Dice del marito la scrittrice Polly Samson: «David ha riflettuto molto sul fatto di essere il primo uomo applaudito nell’anfiteatro dopo i gladiatori». E questo silenzio, l’interruzione millenaria di voci, strepiti, il clangore della corazze, lo sciabordio delle armi che scavano nella sabbia, appena Gilmour è sul palco, in quell’attimo che precede la musica, si avverte. Altrimenti non si capirebbe la pellegrinazione di 2600 persone per sera, arrivate da ogni punto cardinale pagando 350 euro per un posto in piedi, moltiplicato per dieci sul mercato secondario.
Mentre Gilmour, in un impasto di suoni e mormorio ammirato del pubblico, di entusiasmo misto allo smarrimento di esserci sempre stati ad ascoltare quelle ballate amare, affronta il peso dei Pink Floyd e l’amalgama dei due album scritti con la moglie Polly, “On A Island” e “Rattle That Lock” che monopolizza la prima parte, ti viene in mente un verso di “Comfortably Numb” da “The Wall”: “… le tue labbra si muovono ma non posso sentire quello che dici…”.
Questa sera è diverso, impossibile non rimanere incantati dalla creta di questo spettacolo dove la Storia cancella la tragedia della fine di Pompei, nel 79 dopo Cristo.

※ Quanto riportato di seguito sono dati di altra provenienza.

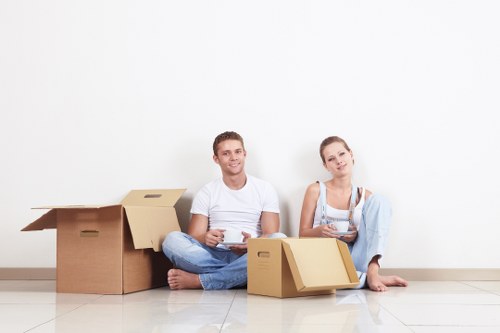 Clapton movers loading boxes and furniture into a moving van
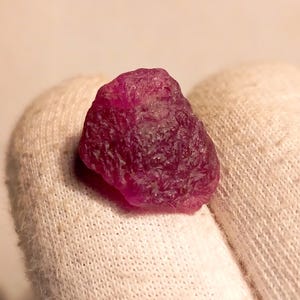 Peut inclure: Une pierre précieuse brute de rubis non taillée, de couleur magenta foncé. Le rubis est présenté sur un fond de tissu blanc, mettant en valeur sa forme naturelle irrégulière et sa surface texturée. Ce joyau est un minéral brut naturel.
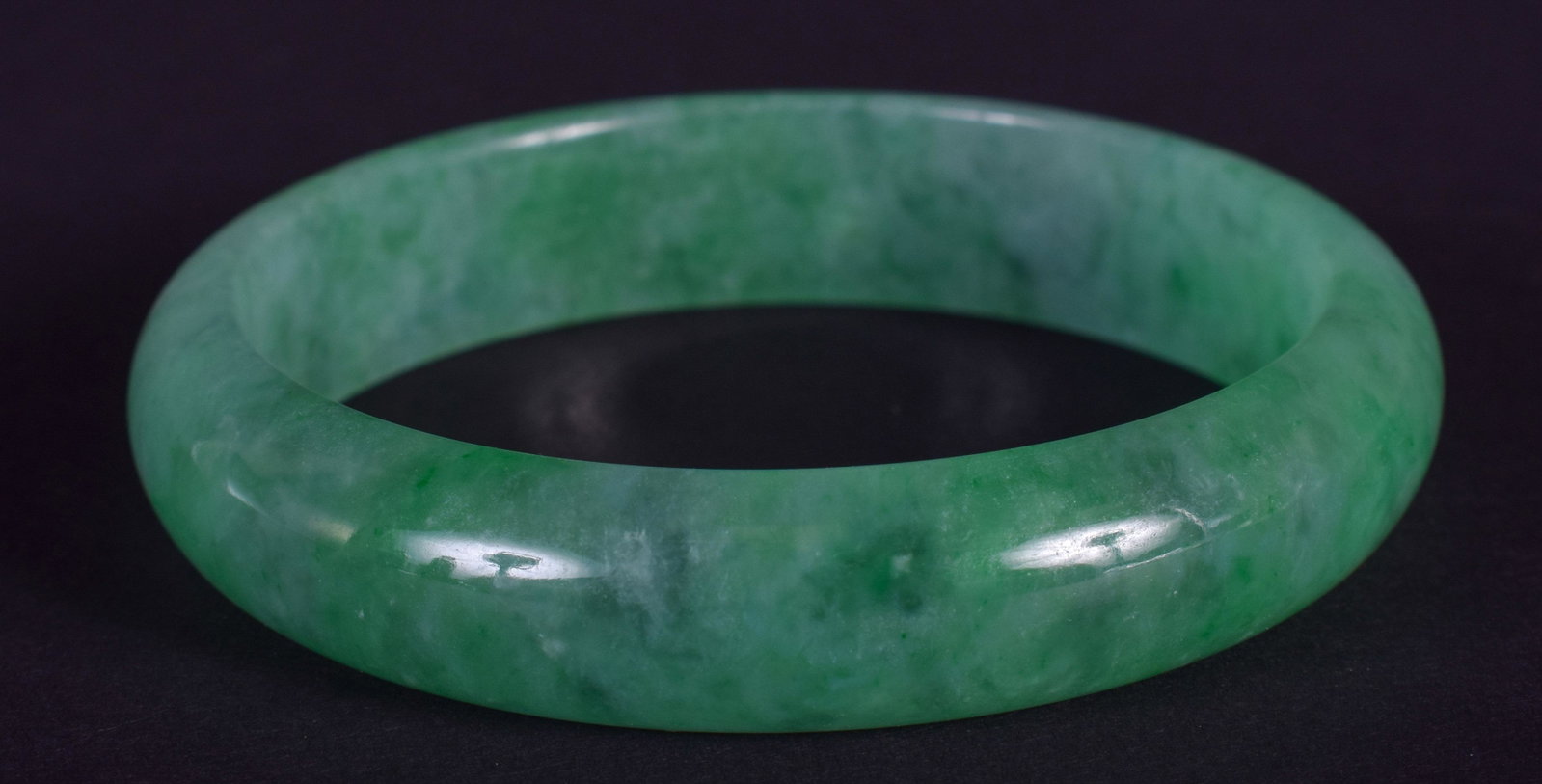 AN EARLY 20TH CENTURY CHINESE CARVED JADEITE BANGLE: AN EARLY 20TH CENTURY CHINESE CARVED JADEITE BANGLE Late Qing. 6.5 cm wide.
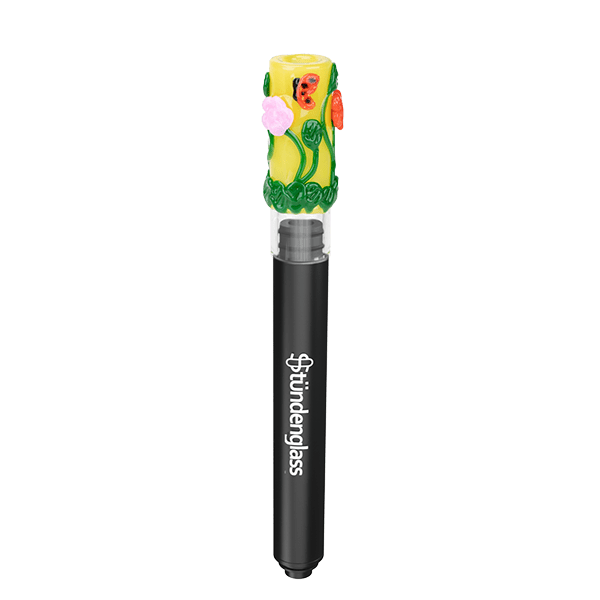Centered vertical studio shot of the Hose Tip Garden Variety showing a black Stündenglass shaft topped by a bright yellow, flower-decorated glass tip.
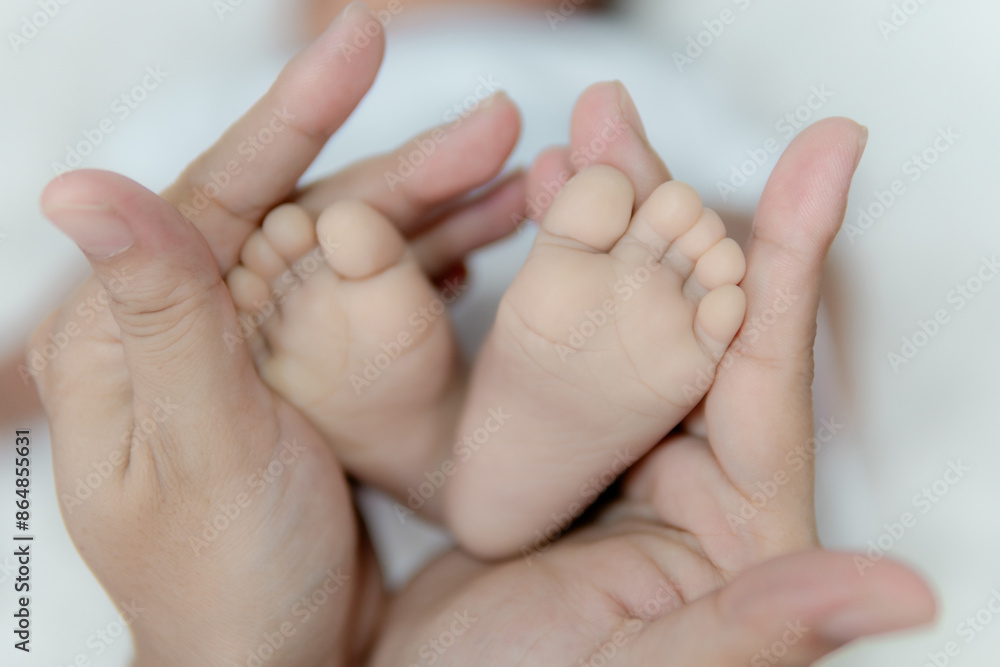 Parent holding in the hands feet of newborn baby. Parent holding in the hands feet of newborn baby.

Guardi Gilmour, con il volto che guarda un punto in basso a destra ogni volta che fa un assolo, e ti rendi conto che è piccino, che il palco è basso perché non si deve perdere l’effetto complessivo della cornice, le gradinate che disegnano un punto di partenza, non la fine di tutto.
Per Mimmo D’Alessandro e Adolfo Galli, ideatori dell’evento, «è la miglior risposta alla Brexit. Qui non ci sono barriere culturali». Anche se le canzoni, la maggior parte, sono dei Pink Floyd, è più il mito a imporsi in una sera tersa e umida. Non tutti possono né meritano di suonare qui.
Come i gladiatori si allenavano con tecniche raffinate, così Gilmour sale sul tetto del mondo perché non ha mai accettato compromessi. E ha sempre affilato le armi. Le ha sempre curate, non per offendere ma per tenersi pronto a una notte memorabile. Come un incontro di boxe, una scalata, un’equazione matematica. Per mezzo secolo abbiamo pensato ai Pink Floyd come a un’iperbole, la confluenza fra paure, incubi, suoni e luce.
Non avevamo previsto che questa musica sarebbe tornata in un posto che trascende tutto.
E tutto inghiotte.
Anche se nel vulcano, un dio forgia i guerrieri che abbiamo perduto.